Blacktop Wasteland

This is my short review for Blacktop Wasteland. For those of you who don’t personally know me, I worked at the Humane Society of Missouri for over 15 years, which put me in direct contact with many horribly abused and neglected animals. Because of this experience, I have grown increasingly sensitive to any sort of violence. And I think anyone who reads it can agree that Blacktop Wasteland is (at times) a violent book.
The book begins by introducing the readers to Beauregard, a loving husband and father with a talent for fast driving, and a criminal past as the best getaway driver on the East coast. He now owns a respectable mechanic shop, but right away it’s clear that the shop is in financial trouble.
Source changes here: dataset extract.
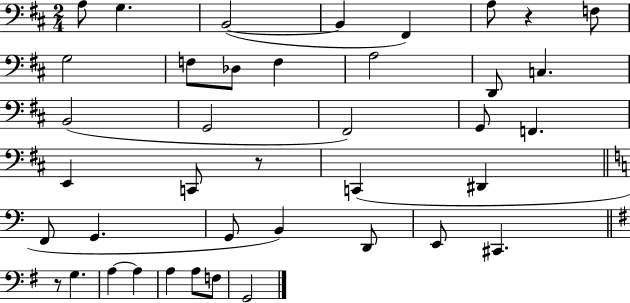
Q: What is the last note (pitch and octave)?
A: G2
Beauregard tries to supplement his income by illegal drag racing down rural roads using his dead father’s old muscle car, but when the loser of his latest race fails to pay up, Beauregard gets desperate and agrees to re-enter the criminal world of getaway driving. He plans for this to be a “one-time thing,” but as anyone who has seen any heist movie knows, it rarely is.
And so Beauregard again becomes his alter-ego “Bug,” slipping into his past life of crime, lying to his wife and kids, and getting involved with some seedy characters. What follows is a dark path of revenge, attempted murder, and torture. And that’s pretty much where I stopped reading. I skimmed the ending, but this is a book that I put down and won’t be picking back up.
Because of the content, I can’t speak to how well it was written or the story itself. Therefore, I abstain from making a decision whether to recommend this book. As someone who uses books to escape into new worlds and places, this is somewhere I wasn’t willing to go.